Sejak pembentukannya Resimen Serba Guna Mahasiswa Jawa Barat belum mempunyai identitas khas korps. Karena itu muncul keinginan di kalangan anggota Resimen Serba Guna Mahasiswa Jawa Barat untuk memiliki lambang kehormatan dan kebanggaan kesatuan untuk memperkuat semangat korps. Lambang – lambang tersebut diperlukan untuk menumbuhkan ikatan lahir dan batin di antara anggota Resimen Serba Guna Mahasiswa Jawa Barat. Kemudian diajukanlah usulan nama dan rancangan dhuaja ( bendera ) Resimen Serba Guna Mahasiswa Jawa Barat kepada Menko Hankam/KASAB Jenderal A.H. Nasution.
Usulan tersebut diterima, yang ditandai dengan keluarnya keputusan Menko Hankam/KASAB No. M/B/86/64 tanggal 12 Juni 1964 tentang pengesahan Dhuaja Resimen Mahasiswa Jawa Barat.  Pada Dhuaja Resimen Mahasiswa Mahawarman lambang Mahawarman terletak di satu sisi, dan sisi lainnya terletak lambang Kodam Siliwangi. Dalam Appel besar di lapangan Gasibu Bandung untuk memperingati hari jadi Resimen Serba Guna Mahasiswa Jawa Barat pada 13 Juni 1964, sengaja mengambil tanggal 13 Juni sebagai tanggal peristiwa bersejarah program Wajib Latih Mahasiswa tahun 1959,
Sumber Foto : http://danarsip.blogspot.co.id/2010/09/kompi-w-dalam-yon-iiunpad.html
MenkoHankam/KASAB Jenderal A.H. Nasution didampingi Menteri PTIP Prof. Ir. Thojib Hadiwidjaja dan Pangdam VI/Siliwangi Brigadir Jenderal Ibrahim Adjie, meresmikan penggunaan nama “Resimen Mahawarman” sebagai nama Resimen Mahasiswa Jawa Barat, dan menyerahkan langsung Dhuaja Resimen Mahawarman kepada Komandan Batalyon I Resimen Mahasiswa Jawa Barat, Kapten Ojik Soeroto.
            Proses penciptaan nama Mahawarman yang bersifat bottom – up memperlihatkan bahwa organisasi Resimen Mahasiswa bercorak grassroot, tumbuh berkembang dari dan oleh mahasiswa sendiri. Selain peresmian nama Mahawarman dan penyerahan dhuaja, dalam appel tersebut juga dilakukan pengucapan janji Resimen Mahasiswa Mahawarman. Berikut ini adalah isi selengkapnya janji tersebut dengan penulisan mengikuti ejaan aslinya. Dalam Musyawarah Kerja 1 Resimen Mahasiwa Mahawarman yang berlangsung pada 12 sampai dengan 20 September 1966 dilhirkan “Panca Dharma Satya” sebagai ikrar Resimen Mahasiswa Mahawarman.

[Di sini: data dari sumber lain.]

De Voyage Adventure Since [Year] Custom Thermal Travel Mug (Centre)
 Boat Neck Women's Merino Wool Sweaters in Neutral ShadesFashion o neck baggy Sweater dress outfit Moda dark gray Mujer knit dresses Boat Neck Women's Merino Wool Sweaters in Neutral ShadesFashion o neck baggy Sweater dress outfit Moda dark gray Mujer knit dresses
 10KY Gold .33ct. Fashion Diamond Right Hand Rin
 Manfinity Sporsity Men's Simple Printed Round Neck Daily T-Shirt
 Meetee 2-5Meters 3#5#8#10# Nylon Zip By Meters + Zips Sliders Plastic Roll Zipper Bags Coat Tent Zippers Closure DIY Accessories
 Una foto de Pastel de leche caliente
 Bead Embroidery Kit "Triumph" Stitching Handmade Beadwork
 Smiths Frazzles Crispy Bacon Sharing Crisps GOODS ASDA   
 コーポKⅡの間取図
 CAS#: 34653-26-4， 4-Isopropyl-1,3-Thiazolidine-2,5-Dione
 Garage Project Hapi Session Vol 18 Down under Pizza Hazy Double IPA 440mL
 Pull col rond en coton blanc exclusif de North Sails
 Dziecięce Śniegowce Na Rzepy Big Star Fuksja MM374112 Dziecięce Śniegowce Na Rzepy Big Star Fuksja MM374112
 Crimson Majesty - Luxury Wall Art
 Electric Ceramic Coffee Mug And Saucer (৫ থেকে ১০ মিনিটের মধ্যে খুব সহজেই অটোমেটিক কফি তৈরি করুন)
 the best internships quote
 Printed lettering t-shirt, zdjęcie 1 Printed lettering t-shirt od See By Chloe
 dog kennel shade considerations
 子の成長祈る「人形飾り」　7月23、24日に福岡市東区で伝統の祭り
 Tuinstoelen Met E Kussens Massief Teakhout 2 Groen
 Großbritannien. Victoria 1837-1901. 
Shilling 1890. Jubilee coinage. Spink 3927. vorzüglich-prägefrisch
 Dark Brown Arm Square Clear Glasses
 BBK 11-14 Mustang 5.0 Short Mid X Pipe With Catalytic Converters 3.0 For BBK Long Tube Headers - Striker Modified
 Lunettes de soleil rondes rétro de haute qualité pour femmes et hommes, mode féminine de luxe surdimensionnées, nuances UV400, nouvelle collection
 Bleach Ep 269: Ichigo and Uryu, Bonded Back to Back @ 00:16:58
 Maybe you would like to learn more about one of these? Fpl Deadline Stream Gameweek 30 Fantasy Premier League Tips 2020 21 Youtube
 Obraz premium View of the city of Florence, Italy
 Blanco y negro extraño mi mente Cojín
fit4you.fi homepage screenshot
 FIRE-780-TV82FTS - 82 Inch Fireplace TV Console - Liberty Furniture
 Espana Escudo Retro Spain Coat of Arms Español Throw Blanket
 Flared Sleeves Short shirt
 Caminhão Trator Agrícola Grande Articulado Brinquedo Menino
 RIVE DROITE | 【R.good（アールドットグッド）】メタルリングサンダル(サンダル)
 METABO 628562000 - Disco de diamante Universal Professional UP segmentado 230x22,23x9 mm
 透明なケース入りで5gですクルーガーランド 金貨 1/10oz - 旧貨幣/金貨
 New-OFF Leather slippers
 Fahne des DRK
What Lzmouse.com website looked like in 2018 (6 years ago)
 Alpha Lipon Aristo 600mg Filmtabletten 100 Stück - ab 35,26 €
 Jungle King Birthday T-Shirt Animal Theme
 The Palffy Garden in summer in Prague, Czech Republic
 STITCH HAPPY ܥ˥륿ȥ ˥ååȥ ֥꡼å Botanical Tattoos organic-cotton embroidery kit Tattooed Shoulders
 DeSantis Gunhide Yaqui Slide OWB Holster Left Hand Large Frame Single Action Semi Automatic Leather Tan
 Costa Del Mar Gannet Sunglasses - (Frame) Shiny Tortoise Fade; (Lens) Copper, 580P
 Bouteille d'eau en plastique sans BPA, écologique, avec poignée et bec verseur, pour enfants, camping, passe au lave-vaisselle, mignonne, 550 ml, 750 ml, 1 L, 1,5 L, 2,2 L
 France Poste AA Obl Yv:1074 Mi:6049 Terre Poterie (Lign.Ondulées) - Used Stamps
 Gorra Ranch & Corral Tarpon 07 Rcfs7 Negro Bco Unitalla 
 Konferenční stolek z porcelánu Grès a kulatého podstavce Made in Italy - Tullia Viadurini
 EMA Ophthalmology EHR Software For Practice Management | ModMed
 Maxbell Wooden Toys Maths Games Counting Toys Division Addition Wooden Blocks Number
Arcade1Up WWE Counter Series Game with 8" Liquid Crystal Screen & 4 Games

            Sekarang saya berbicara status Resimen Mahasiswa di zaman reformasi, setelah peristiwa penggulingan pemerintahan Orde Baru, mahasiswa di Indonesia memiliki sikap traumatis terhadap apa namanya militer, sebagian mahasiswa menganggap bahwa Resimen Mahasiswa bagian dari militeris mini yang ada di dalam kampus, dan menuntut pula agar Resimen Mahasiswa ini di tiadakan di dalam kampus. Bahkan statusnya sebagai komponen cadangan di bekukan, di zaman reformasi ini status Resimen Mahasiswa seperti mahasiswa biasa lainnya yang langsung di bawahi oleh universitas dan bukan lagi sebagai komponen cadangan.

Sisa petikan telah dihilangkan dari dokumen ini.